Logan went on to note that in the US, the water infrastructure uses at least 3–5% of all electricity generated, some 20 to 30 gigawatts (GW), or the output of 20 nuclear power plants. The energy used both to produce drinking water and to treat wastewater is increasing because modern technologies consume more energy.
"And yet there's energy in that wastewater," he said. US wastewater from domestic use, food processing and animal waste alone contains about 17 GW. Wastewater treatment uses 10 to 20 GW, roughly 1.5–5% of all electricity production, said Logan, acknowledging that both the data and estimates vary widely. The point is, he said, "there is almost 10 times more energy in the wastewater than the energy it takes to treat it." Logan reckoned "this is sort of backwards; we're throwing this energy away."

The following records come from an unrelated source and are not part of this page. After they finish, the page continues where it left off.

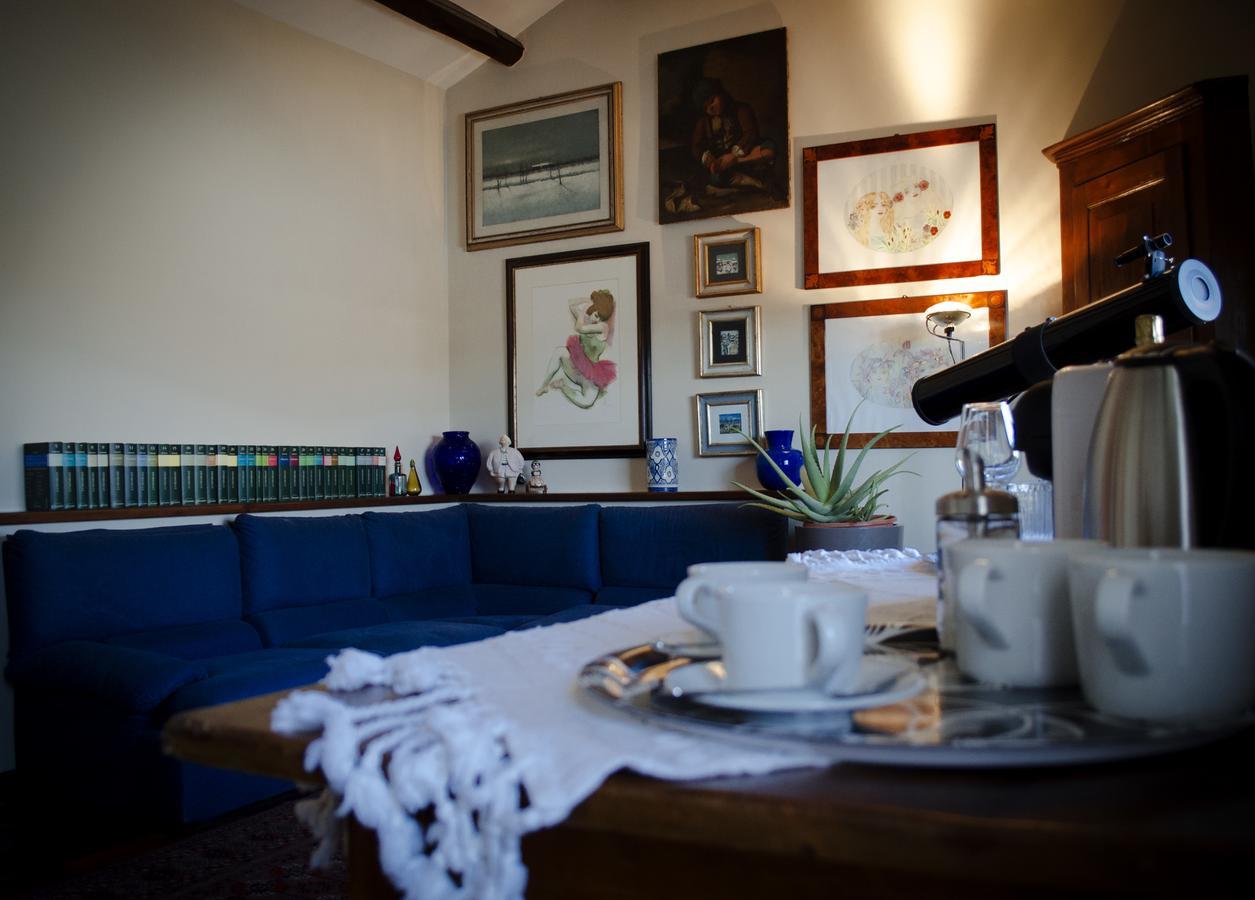 Bed and Breakfast La Terrazza Sui Tetti à Senigallia Extérieur photo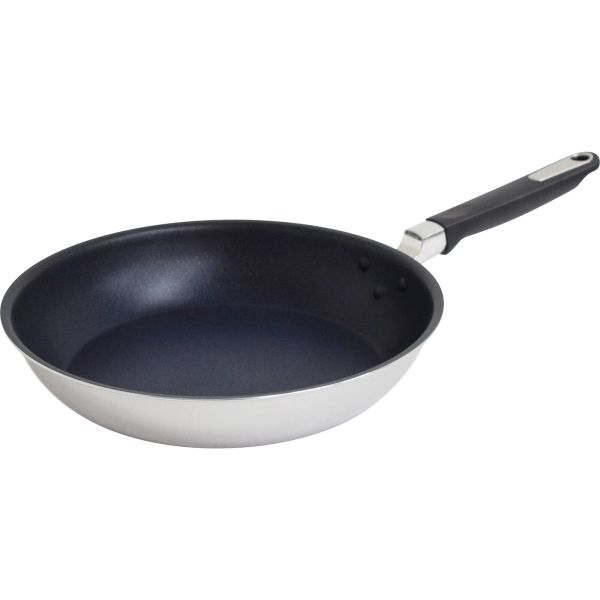 [ウルシヤマ金属工業] クワトロプラス-IH フライパン28cm [キャンセル・変更・返品不可]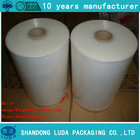machine LLDPE stretch wrap film/plastic stretch wrap film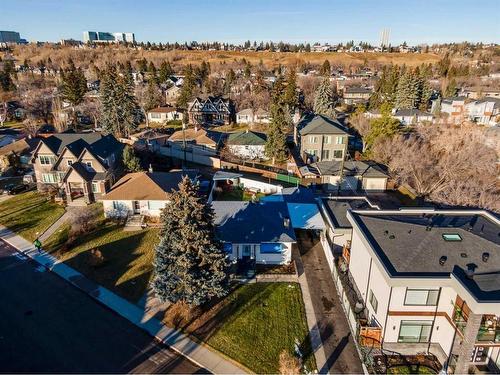 2708 1 Avenue Nw, Calgary, AB - Outdoor With View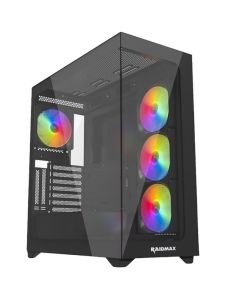 Boîtier Gamer RAIDMAX Infinita I800TWF Noir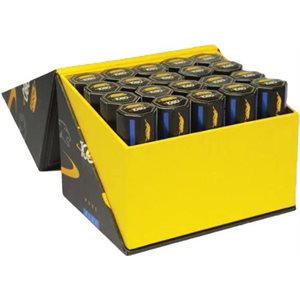 PREDATOR 1080 CHALK BOX (20 TUBES)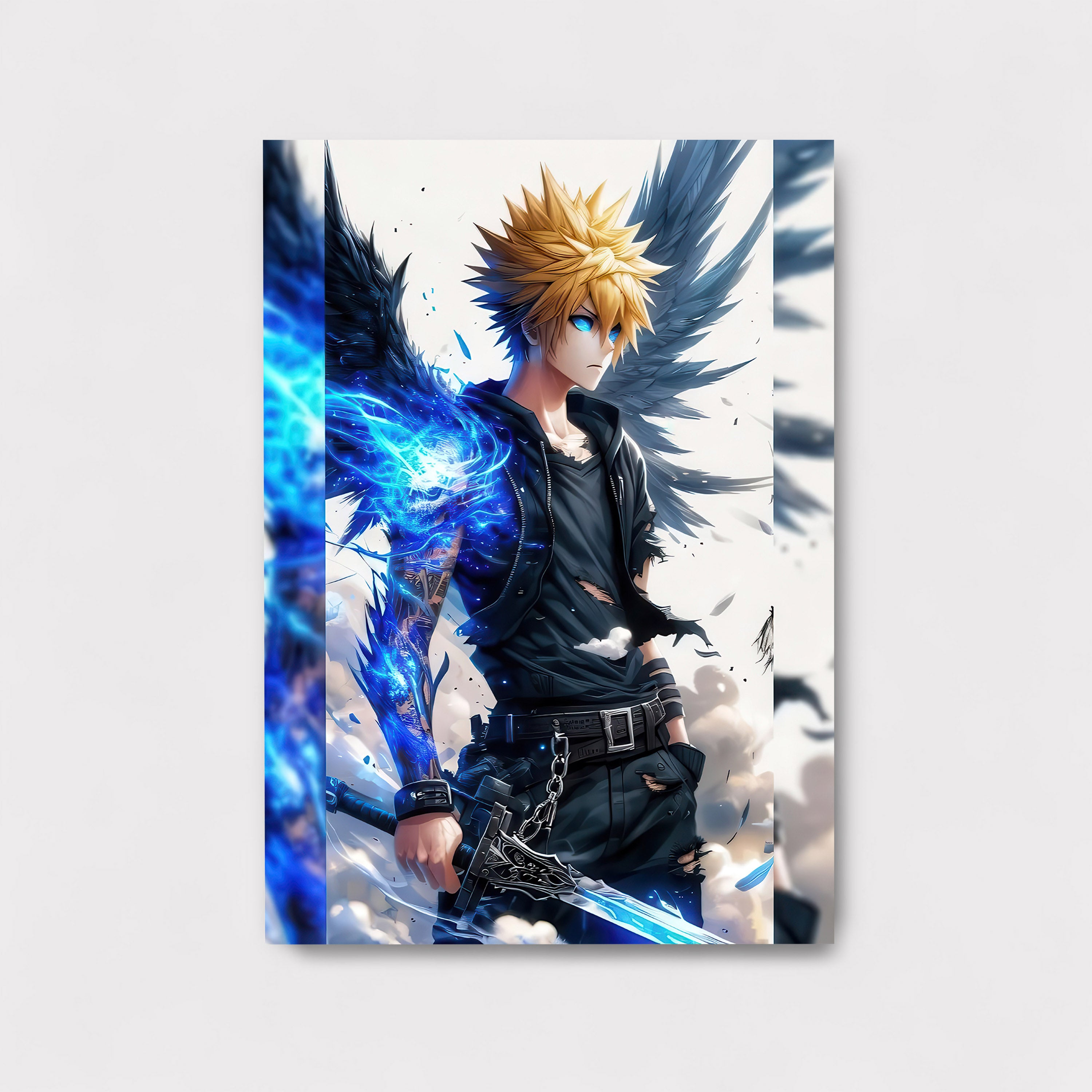 Winged Fury M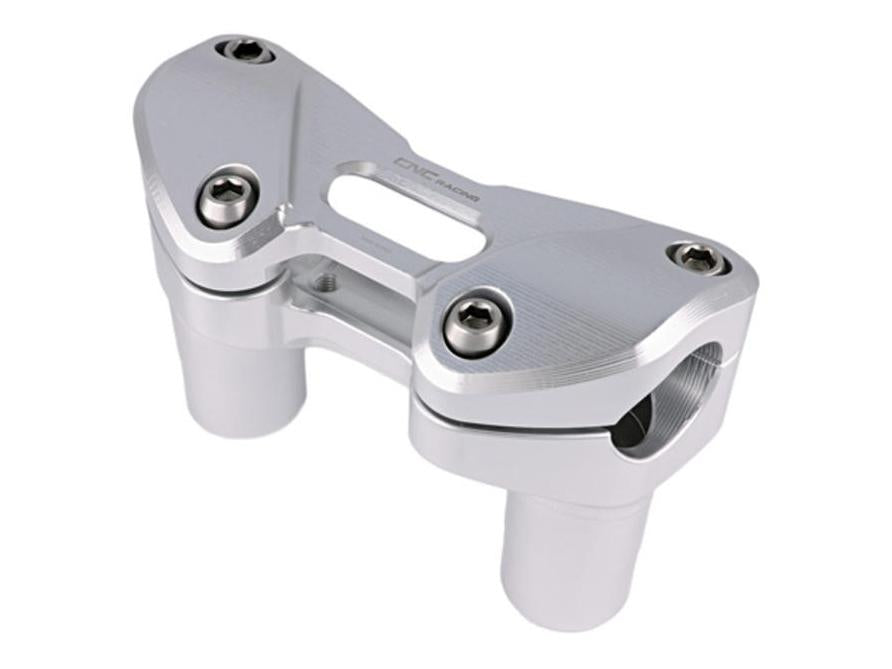 RM251 - CNC RACING Ducati Multistrada (2015+) Handlebar Clamp (full kit) – Accessories in the Motoraider Motorcycle Aftermarket Accessories and Parts Online Shop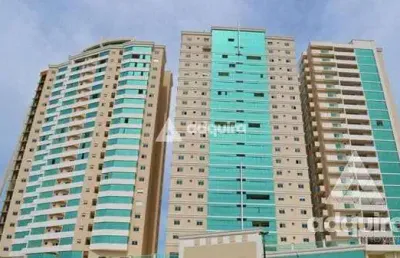 Apartamento à venda 3 quartos, 2 suites, 3 vagas, centro, ponta grossa - pr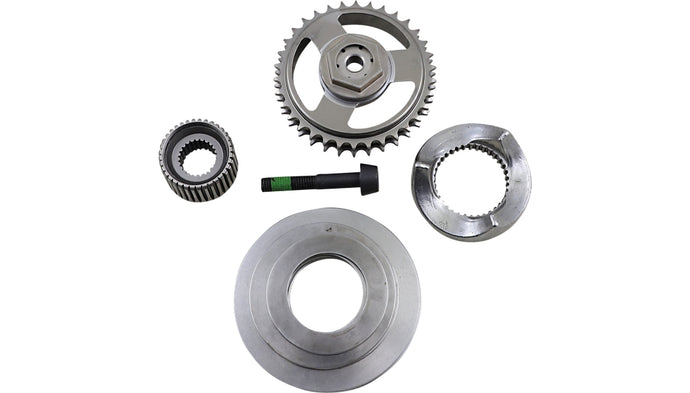 Drag Specialties 1120-0435 Compensating Sprocket Kit - 34T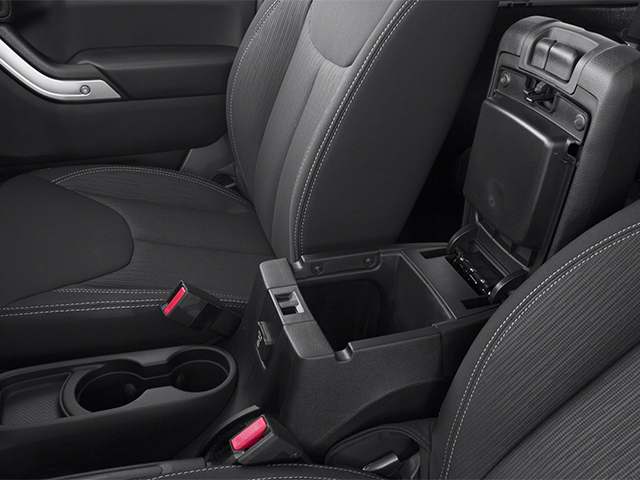 2014 Jeep Wrangler Sport SUV 2D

Tapping that resource is the goal of Logan's research. Put simply, he asked, are there energy production methods found in nature that could be mimicked in an engineered process to recover energy from wastewater? Promising solutions involve two categories of microbes: exoelectrogens, which make electric current, and electrotrophs, which consume electrons and produce hydrogen and methane.
Logan has put exoelectrogens to work in microbial fuel cells (MFCs). The test device he has created has no moving parts, just the bacteria already present in wastewater. They congregate on an anode, oxidizing biomass in the wastewater, and create an electric current to a cathode. In a small-scale demonstration viewable on the internet, the bacteria create enough energy to power a fan.
MFCs have weathered the three-stage scepticism process, Logan said, as have other approaches developed in the course of his research. These include reverse electrodialysis (RED), which produces an electric current in a saline solution such as seawater. Logan has coupled RED with MFC technology to make a microbial fuel reverse electrodialysis cell (MRFC), producing both higher voltages and higher power.
The bottom line for Logan and his colleagues is that microbes, unaided by chemical additives, can help solve an impending crisis, once these test projects can be scaled up to real-world capacities. Instead of draining electrical resources, wastewater treatment plants could be self-sufficient and may even contribute energy to the grid.
About the author
Harvey Leifert is a contributing editor to environmentalresearchweb.